- [Problem]: For this exercise, retype the lines from the one that holds "Parliament asks to" through the one that holds "2025 Volkswagen ID.Buzz" in the records below, both included, exactly and without pictures.

- [Provided records]:

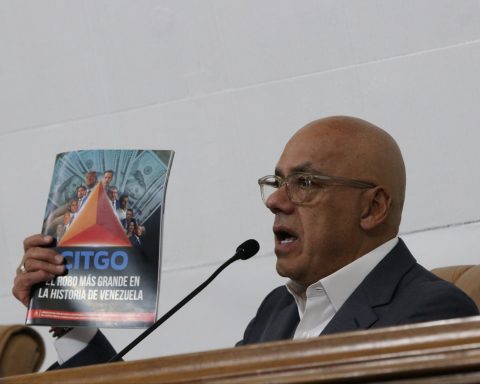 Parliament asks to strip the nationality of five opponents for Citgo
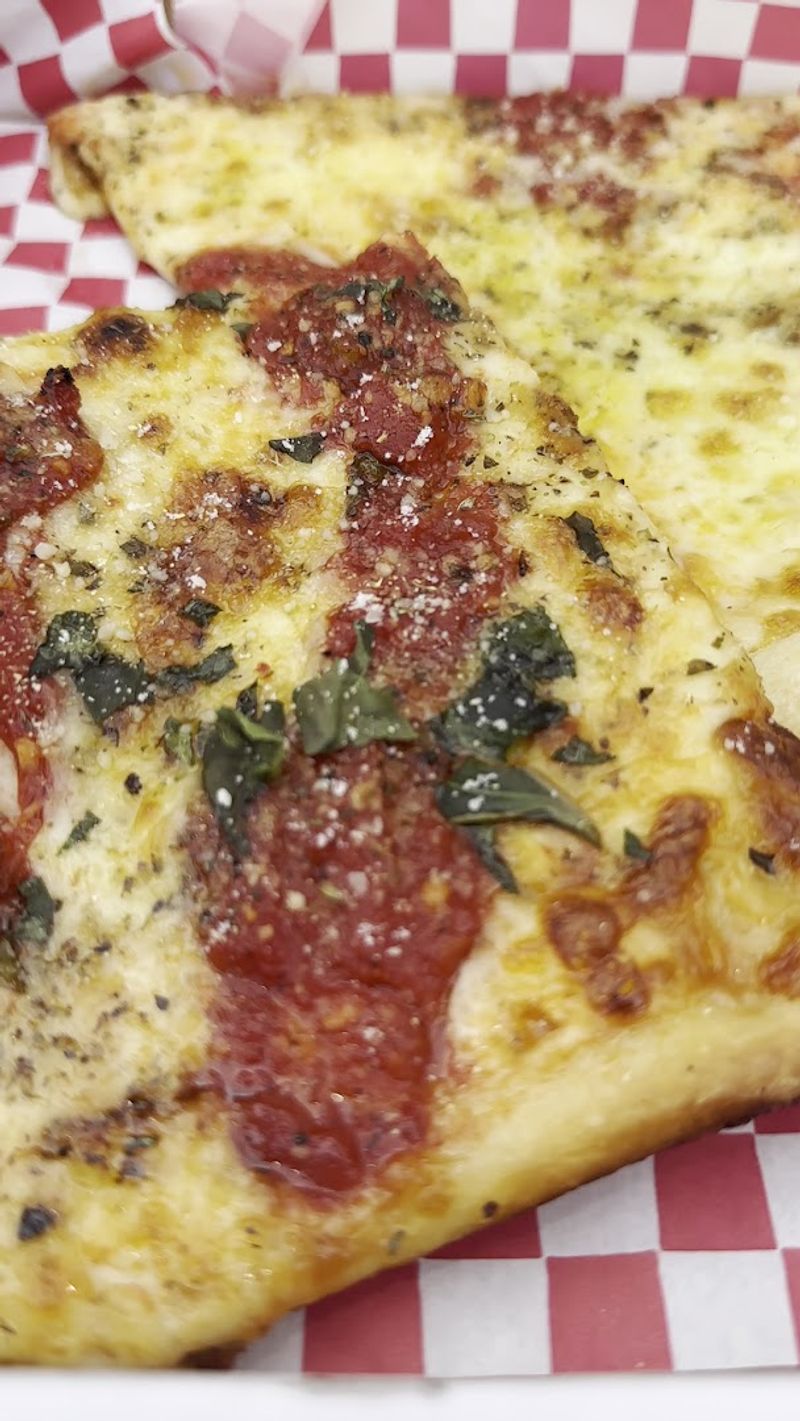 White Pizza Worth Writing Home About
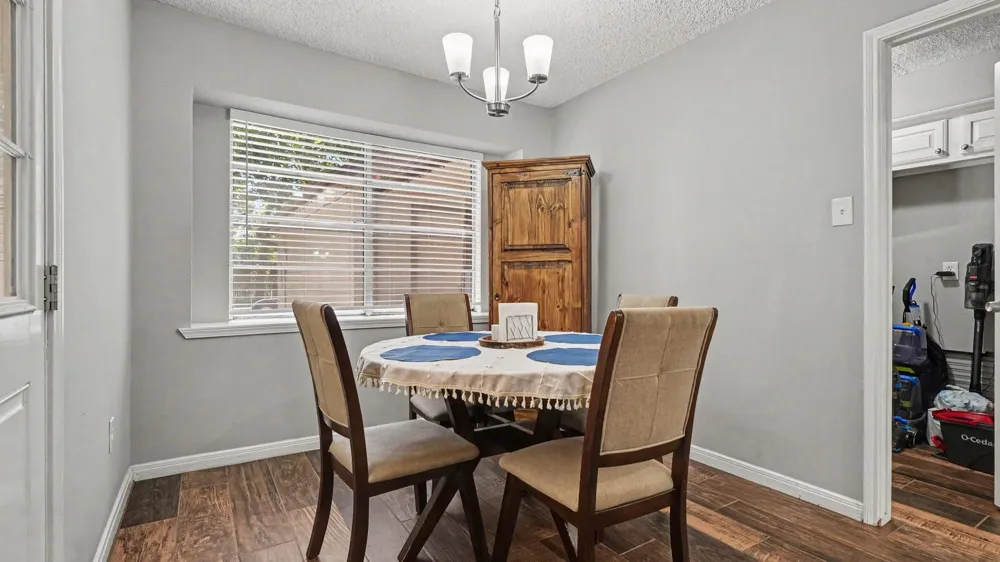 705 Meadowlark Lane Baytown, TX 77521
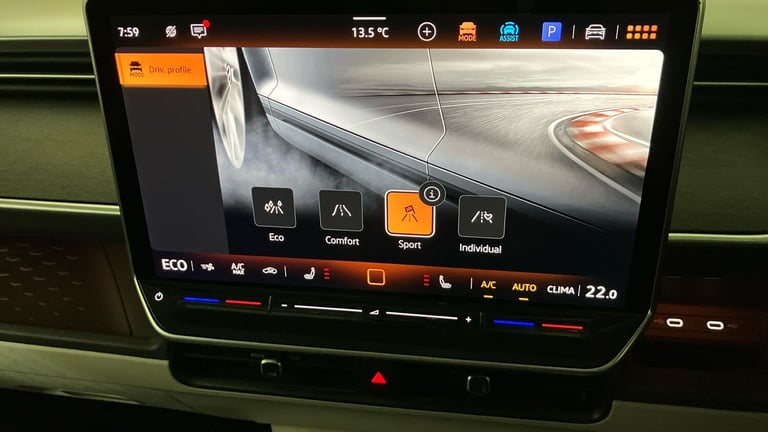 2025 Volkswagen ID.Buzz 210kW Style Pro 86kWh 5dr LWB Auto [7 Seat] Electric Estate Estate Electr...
---
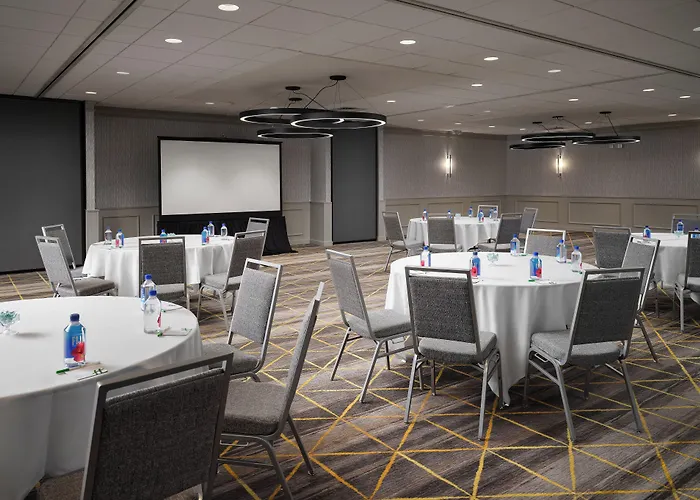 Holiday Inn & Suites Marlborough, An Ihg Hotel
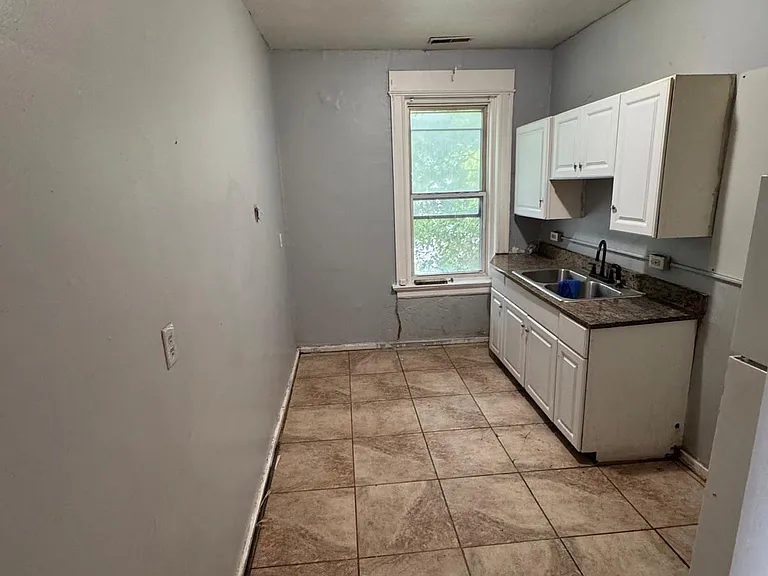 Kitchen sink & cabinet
---
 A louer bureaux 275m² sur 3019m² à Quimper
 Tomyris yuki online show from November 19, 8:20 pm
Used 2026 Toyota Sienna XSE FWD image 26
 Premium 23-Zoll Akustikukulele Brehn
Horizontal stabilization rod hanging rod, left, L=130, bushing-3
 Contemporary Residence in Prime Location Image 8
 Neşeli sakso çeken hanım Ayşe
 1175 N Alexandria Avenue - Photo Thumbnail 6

- [Answer to the exercise]:
 Parliament asks to strip the nationality of five opponents for Citgo
 White Pizza Worth Writing Home About
 705 Meadowlark Lane Baytown, TX 77521
 2025 Volkswagen ID.Buzz 210kW Style Pro 86kWh 5dr LWB Auto [7 Seat] Electric Estate Estate Electr...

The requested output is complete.